Necesitas mentirte para seguir en pie, aunque sea en un frágil equilibrio de animal moribundo, como quien avanza aturdido y quizá ebrio, cada día más incomprensible para sí mismo, más perro, más lagarto, más gusano.




Tierra de nadie



Onetti solo avanza cuando se acerca a las debilidades humanas, y por ahí viene su inclinación hacia los interiores, esos ámbitos clausurados donde puede describir la mueca o el rechazo, la gota de sudor que explora una cara hinchada, el estremecimiento que precede a una pregunta, esa incoherencia que se riza en las palabras o la ceniza de las ideas cuando inunda una estancia y no deja respirar.
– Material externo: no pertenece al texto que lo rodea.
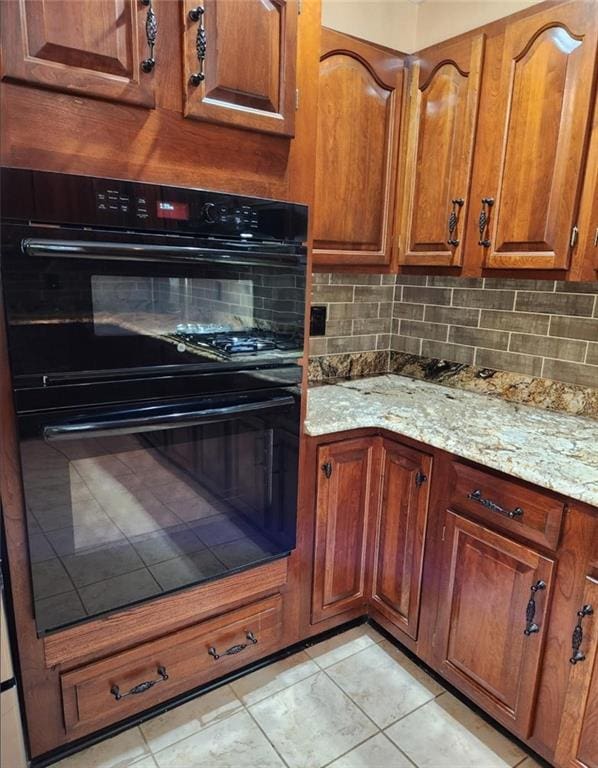 6210 Douglas Manor Ct, Douglasville, GA 30134 - kitchen featuring tasteful backsplash, light stone counters, and brown cabinets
La suya es una prosa curva, filosa, propensa a la poesía, pero también capaz de moldearse y ser la voz de sus personajes, capaz de mancharse con su habla.
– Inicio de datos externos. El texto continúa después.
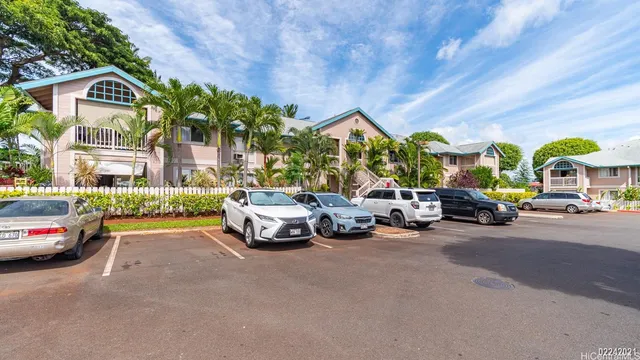 a view of a cars park in front of a building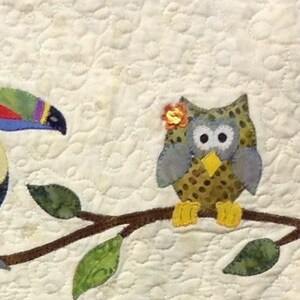 Puede incluir: Un tapiz de pared acolchado con un tuc&aacute;n y un b&uacute;ho posados en una rama con hojas verdes. El tuc&aacute;n tiene un pico colorido y el b&uacute;ho tiene una flor en la cabeza. El fondo es de color crema con un patr&oacute;n acolchado.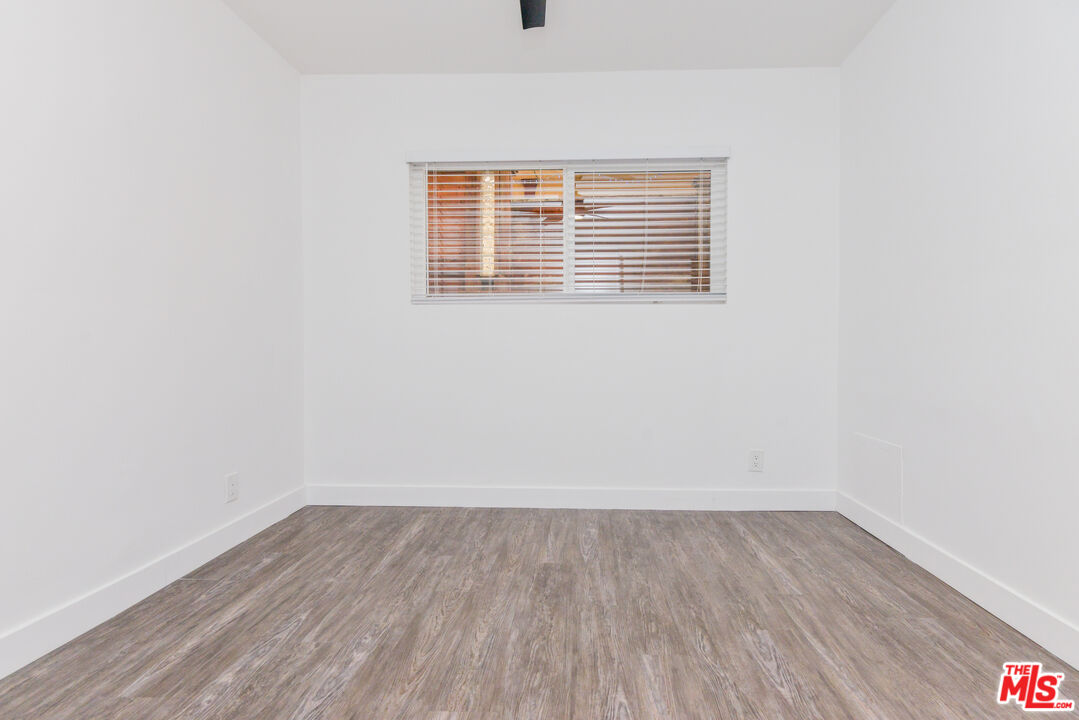 2107 Pullman Lane, Unit A Redondo Beach, CA 90278 - Photo 23 of 42 a view of a room that has wooden floor and a window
Todo sucede en los refugios de la intimidad, entre las torceduras del pensamiento y las gelatinas del afecto, y por eso sabemos que hay un narrador moroso que quiere entregarnos una bandada de retratos que, como él, como todos, viven en tierra de nadie y se dirigen hacia la niebla.


No hay piedad en la obra de Onetti, no puede haberla. Sus frustraciones y engaños son los nuestros, y el escritor no quiere perdonarse, no quiere que su literatura sirva como lenitivo. Por eso los retratos y las escenas declinan hacia la aridez, aunque bajo esa superficie parece sobrevivir la conciencia de sus autoengaños, la seguridad de que cada paso será insolvente o inútil.
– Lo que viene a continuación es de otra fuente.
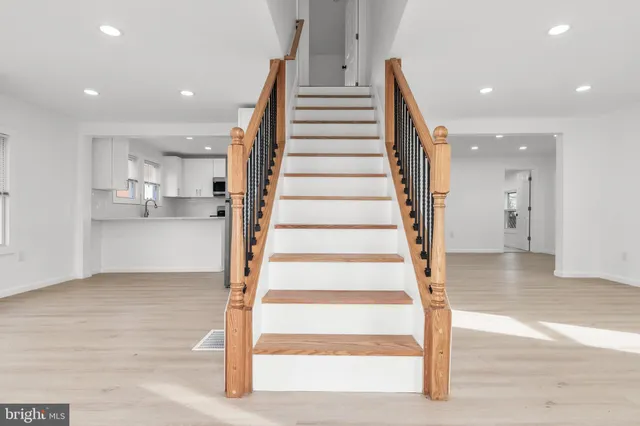 a view of entryway and hall with wooden floor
El verbo que elige Onetti es duro, tenso, inesperado, y entra en la oración como un cuchillo en la carne. Sabe que el verbo es la munición de cada frase, y por eso decide que arda la mano, que la voz raspe, que arañe esa sonrisa falsa, que se enrosque como un feto en su cobardía. El verbo debe ser movimiento y no abstracción: la cara se pone en el espejo; manotea, hunde, afloja; ese bulto que renguea por la habitación, aquel otro que lanza media sonrisa mientras retrocede, aquella que parece resbalar en la silla.

Los ámbitos cerrados son los que prefiere Onetti, porque el cuerpo es el único universo posible de su escritura: no hay otro paisaje que el ser humano. El resto son excusas, tiempos muertos, desidias del escritor. Eso debía pensar Onetti. En un ser humano, en su cuerpo, en la gesticulación y las palabras, estaba todo cuanto necesitaba para construir una página. Las manos que avanzan o temen, los párpados que hablan, el cuello que gira, los pies que se cruzan o aceleran, la inclinación de un cuerpo, las calles de una sonrisa: un instinto asombroso le guía como escritor en esa jungla de lo mínimo.